Llegué con dificultad a la prosa. A los ocho años yo ya escribía poemas y, como siempre tuve obediencia a los ritmos, al sonido ritmado de las palabras y de las cosas, esos poemas, espantosos como contenido, perfectamente cursis, inocentes, y sin ninguna importancia, estaban perfectamente medidos y perfectamente rimados. Sin saber que un endecasílabo era un verso de once sílabas, escribía sonetos en endecasílabos, absolutamente infalibles como ritmo y rima.
Te lo puedo asegurar porque mi madre guardó un famoso cuaderno con esos poemas que nunca me quiso dar pero que me dejó mirar hace como quince años y pude comprobar lo que te digo: contenido totalmente nulo de un niño de nueve años que se enamoró de una compañerita de juegos, soneto al cumpleaños de su tía, descripción del patio de la casa…Pero desde el punto de vista de la versificación, perfectos. Es decir que había una captación muy evidente del ritmo.
Por eso la prosa, al principio, me presentaba dificultades y me tranqué; no podía avanzar. Escribir en prosa me resultaba, ¿cómo decirte? grosero, no encontraba el balanceo del verso. Yo tenía que escribir- con toda la ingenuidad que pudiera tener aquella novela- : “el carruaje se detuvo a la puerta del castillo, coma, y fulanita de tal descendió, punto.” Y eso era duro, no tenía el ritmo del verso.
-¿Cómo se produce ese pasaje a la prosa?
-Con dificultad, como te decía. En la adolescencia hubo una especie de paridad: la prosa empezó a aumentar en volumen y, al mismo tiempo, seguía escribiendo poemas.
Y como sucede siempre, uno se hace con el trabajo: la literatura se hace haciendo literatura. Alcancé cierto dominio formal y descubrí lo que me faltaba descubrir: que la prosa tiene un ritmo propio, que no son ni endecasílabos ni décimas, ni nada que se le parezca. Desde ese momento me encontré escribiendo la prosa con fluidez.
Pienso también que lo que me ayudó fue el aprendizaje muy temprano, de lenguas extranjeras y el hecho de que la traducción, desde un comienzo, me fascinó. Lo fui, y lo soy todavía a veces, para la Unesco.
La traducción me resulta fascinante como trabajo paraliterario o literario en segundo grado. Cuando uno traduce, es decir, cuando no tiene la responsabilidad del contenido del original, su problema no son las ideas del autor, porque él ya las puso allí; lo que uno tiene que hacer es trasladarlas y, entonces, los valores formales y los valores rítmicos, que está sintiendo latir en el original, pasan a un primer plano. Su responsabilidad es trasladarlos, de un sistema a otro. Es un ejercicio extraordinario desde el punto de vista rítmico.
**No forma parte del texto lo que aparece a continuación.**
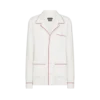 Camicia da notte in twill di seta con bordino e logo TF ricamato tono su tono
Yo le aconsejaría a cualquier escritor joven que tiene dificultades de escritura, si fuese amigo de dar consejos, que deje de escribir un tiempo por su cuenta y que haga traducciones; que traduzca buena literatura, y un día ese va a dar cuenta de que él puede escribir con una soltura que no tenía antes.
-¿Cómo definís un buen estilo?
-Creo que una escritura lograda formalmente (y cuando está lograda en el plano formal, lo está en los otros) requiere no tanto la presencia como la ausencia de cosas inútiles y negativas.
Cuando yo corrijo, una vez en cien agrego algo, completo una frase que me parece insuficiente o agrego una frase porque veo que falta un puente. Las otras noventa y nueve veces corregir consiste en suprimir. Cualquiera que vea un borrador mío puede comprobarlo: muy pocos agregados y enormes supresiones.
Porque al escribir, especialmente como escribo yo, rápido y dejándome llevar, hay una tendencia a la repetición inútil, se me escapan cosas (sobre todo cuando se trabaja con máquina eléctrica). Hay que eliminarlas implacablemente.